What you need to do> The output should contain the listing word for word and no pictures.

Input data>
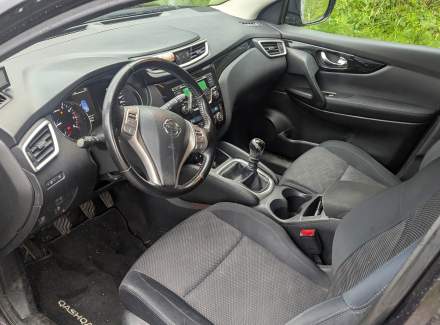 Nissan - Qashqai 1.6 DIG-T (163 Hp)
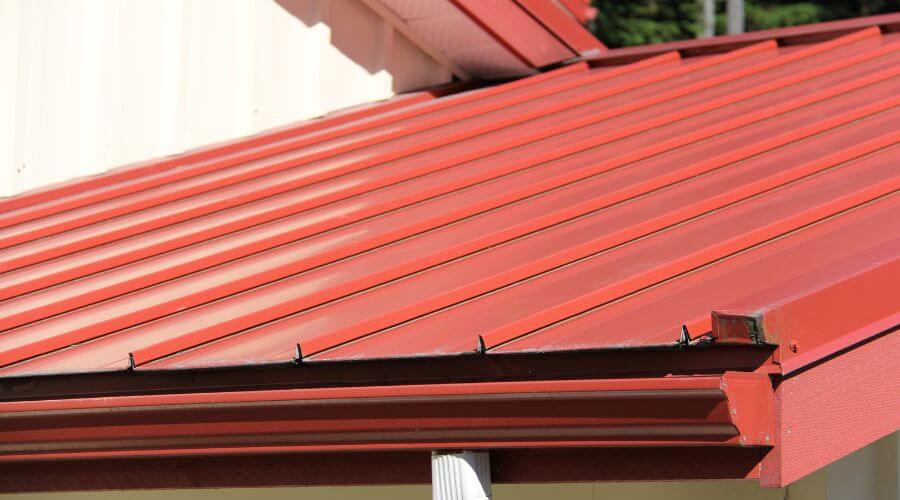 Gutter Debris Removal in Grassy Butte, ND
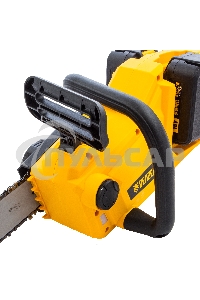 Цепная пила аккумуляторная бесщет. Denzel RCS400-36, Li-ion, 36 В, 4 А·ч, шина 400 мм/ 58610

Task result>
 Nissan - Qashqai 1.6 DIG-T (163 Hp)
 Gutter Debris Removal in Grassy Butte, ND
 Цепная пила аккумуляторная бесщет. Denzel RCS400-36, Li-ion, 36 В, 4 А·ч, шина 400 мм/ 58610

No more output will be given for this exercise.